The main thing that is wrong in your code is that you do not update the value of i so that i stays equal to 0 forever, hence you get an infinite loop.

The idea behind my suggestion to use a while`` loop was to avoid the use of the computation of the square root , which is slow (moreover, the way it is done, it involves the symbolic ring, which is very slow).

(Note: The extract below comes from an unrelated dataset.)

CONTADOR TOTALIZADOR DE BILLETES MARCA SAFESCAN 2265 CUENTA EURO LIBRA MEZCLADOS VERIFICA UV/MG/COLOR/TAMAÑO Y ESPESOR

Here is a simple possibility:

squares = []
i = 0
while i*i < n:
    squares.append(i*i)
    i += 1

As you can see, i do not compute any square root. To make my point, let me define two function and compare their speed:

def slow(n):
    squares=[]
    for i in range(int(sqrt(n)+1)):
        squares.append(i*i)
    return squares

def fast(n):
    squares = []
    i = 0
    while i*i < n:
        squares.append(i*i)
        i += 1
    return squares

Now, let us benchmark:

sage: n = 95

sage: %time slow(n)
CPU times: user 12.3 ms, sys: 0 ns, total: 12.3 ms
Wall time: 11.4 ms
[0, 1, 4, 9, 16, 25, 36, 49, 64, 81]

sage: %time fast(n)
CPU times: user 71 µs, sys: 9 µs, total: 80 µs
Wall time: 91.8 µs
[0, 1, 4, 9, 16, 25, 36, 49, 64, 81]

As you can see, it is 100 times faster. You can also increase n and use %timeit instead of %time to test many times in a row and avoid some startup bias (note however that the square root is computed only once).

As a last word, you can notice that i compute the square of i twice in my function which is useless and costly ; as an exercice, you could try to avoid such a double computation and check if your method increases the speed.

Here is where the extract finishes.